It has shared nothing architecture.
It replicates its data into multiple computers so that if one goes down, the data can still be processed from another machine that stores its replica.
Hadoop is for high throughput rather than low latency. It is a batch operation handling massive quantities of data; therefore the response time is not immediate.
It complements Online Transaction Processing and Online Analytical Processing. However, it is not a replacement for a RDBMS.
It is not good when work cannot be parallelized or when there are dependencies within the data.
It is not good for processing small files. It works best with huge data files and data sets.
Versions of Hadoop
There are two versions of Hadoop available :
Hadoop 1.0
Hadoop 2.0
Hadoop 1.0
It has two main parts :
1. Data Storage Framework
It is a general-purpose file system called Hadoop Distributed File System (HDFS).
HDFS is schema-less
It simply stores data files and these data files can be in just about any format.
The idea is to store files as close to their original form as possible.
This in turn provides the business units and the organization the much needed flexibility and agility without being overly worried by what it can implement.
2. Data Processing Framework
This is a simple functional programming model initially popularized by Google as MapReduce.
It essentially uses two functions: MAP and REDUCE to process data.
The "Mappers" take in a set of key-value pairs and generate intermediate data (which is another list of key-value pairs).
The "Reducers" then act on this input to produce the output data.
The two functions seemingly work in isolation with one another, thus enabling the processing to be highly distributed in highly parallel, fault-tolerance and scalable way.
Limitations of Hadoop 1.0
The first limitation was the requirement of MapReduce programming expertise.

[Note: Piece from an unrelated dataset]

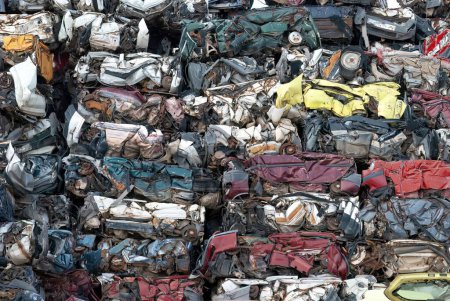 Wallpaper of a multitude of cars stacked and crushed for vehicle recycling, concept of clean point and care for the environment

It supported only batch processing which although is suitable for tasks such as log analysis, large scale data mining projects but pretty much unsuitable for other kinds of projects.
One major limitation was that Hadoop 1.0 was tightly computationally coupled with MapReduce, which meant that the established data management vendors where left with two opinions:
Either rewrite their functionality in MapReduce so that it could be
executed in Hadoop or
Extract data from HDFS or process it outside of Hadoop.
None of the options were viable as it led to process inefficiencies caused by data being moved in and out of the Hadoop cluster.
Hadoop 2.0
In Hadoop 2.0, HDFS continues to be data storage framework.
However, a new and seperate resource management framework called Yet Another Resource Negotiater (YARN) has been added.
Any application capable of dividing itself into parallel tasks is supported by YARN.
YARN coordinates the allocation of subtasks of the submitted application, thereby further enhancing the flexibility, scalability and efficiency of applications.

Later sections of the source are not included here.